Return the data word for word. Pictures are to be omitted.

**Supplied information:**
• • • • •
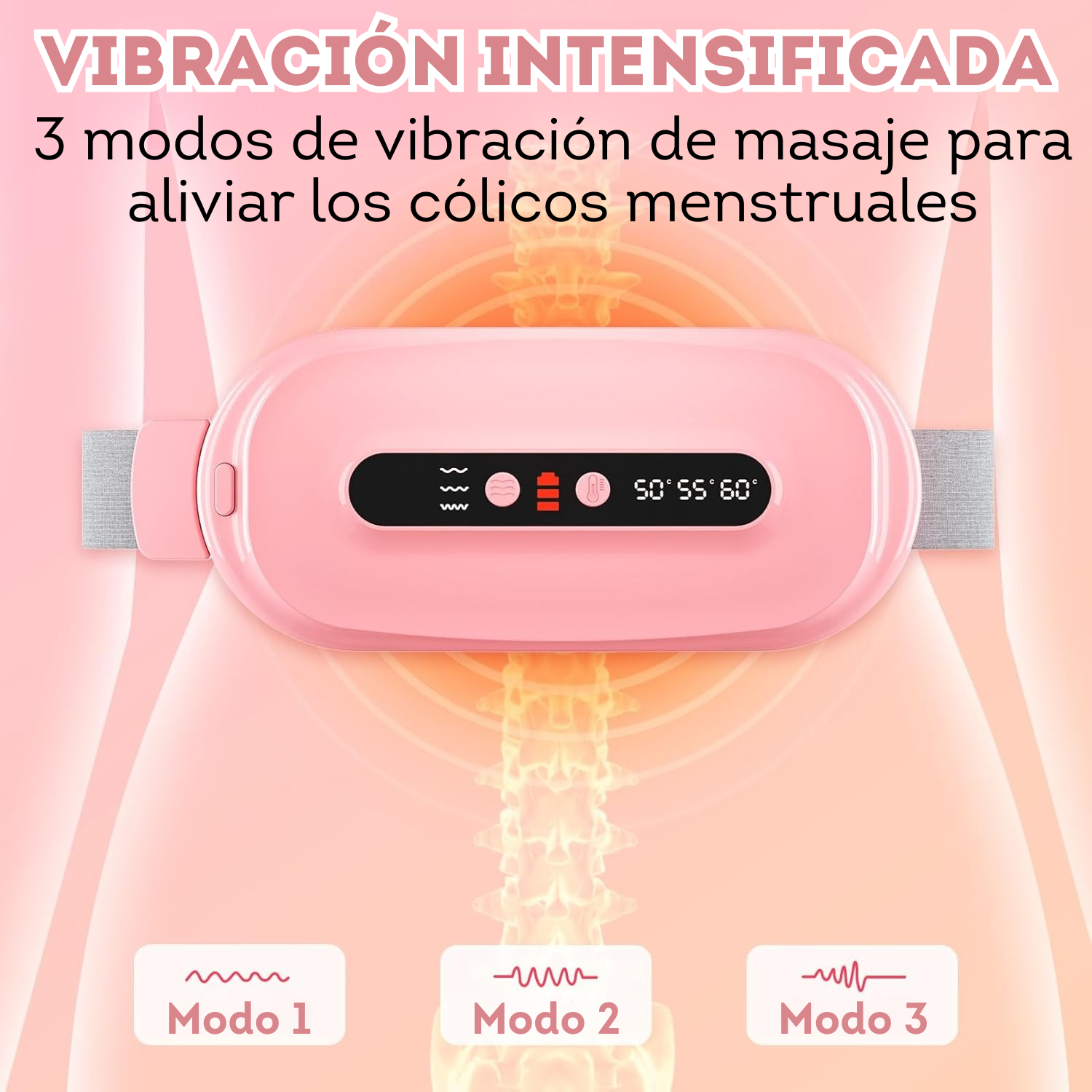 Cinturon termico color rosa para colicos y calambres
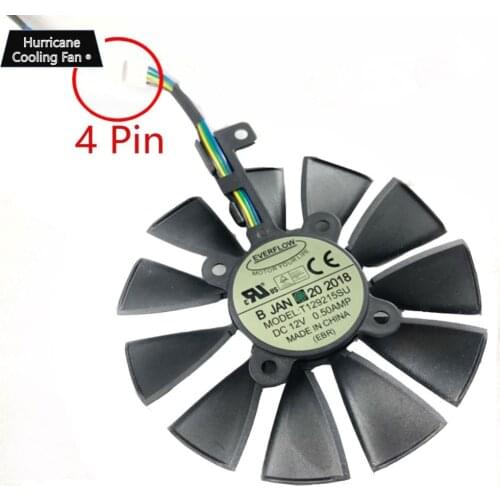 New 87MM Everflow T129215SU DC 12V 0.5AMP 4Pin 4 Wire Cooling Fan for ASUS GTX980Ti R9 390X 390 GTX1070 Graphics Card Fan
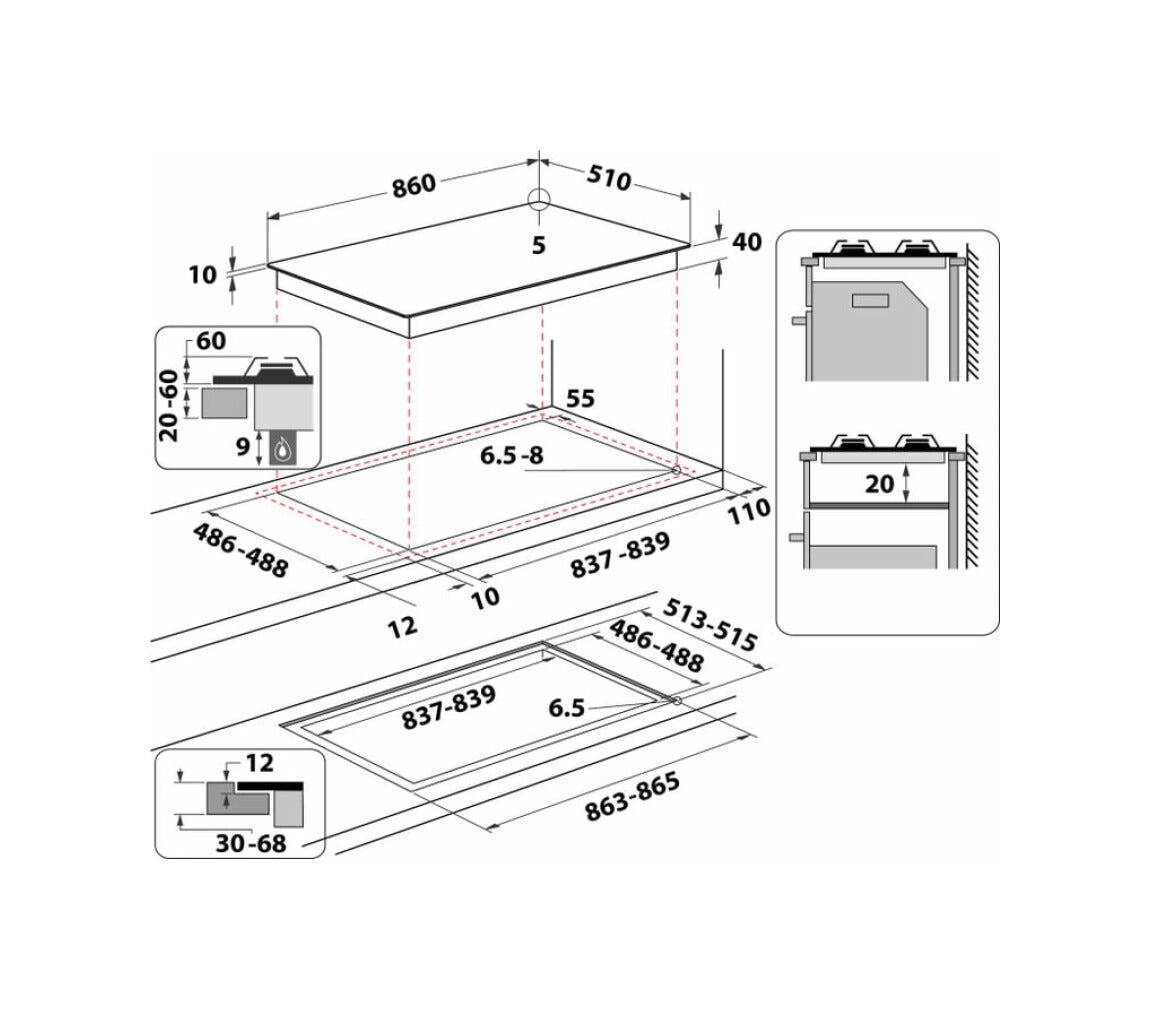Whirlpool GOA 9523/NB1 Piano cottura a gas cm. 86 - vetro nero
• • • • •
**Exercise answer:**
 Cinturon termico color rosa para colicos y calambres
 New 87MM Everflow T129215SU DC 12V 0.5AMP 4Pin 4 Wire Cooling Fan for ASUS GTX980Ti R9 390X 390 GTX1070 Graphics Card Fan
Whirlpool GOA 9523/NB1 Piano cottura a gas cm. 86 - vetro nero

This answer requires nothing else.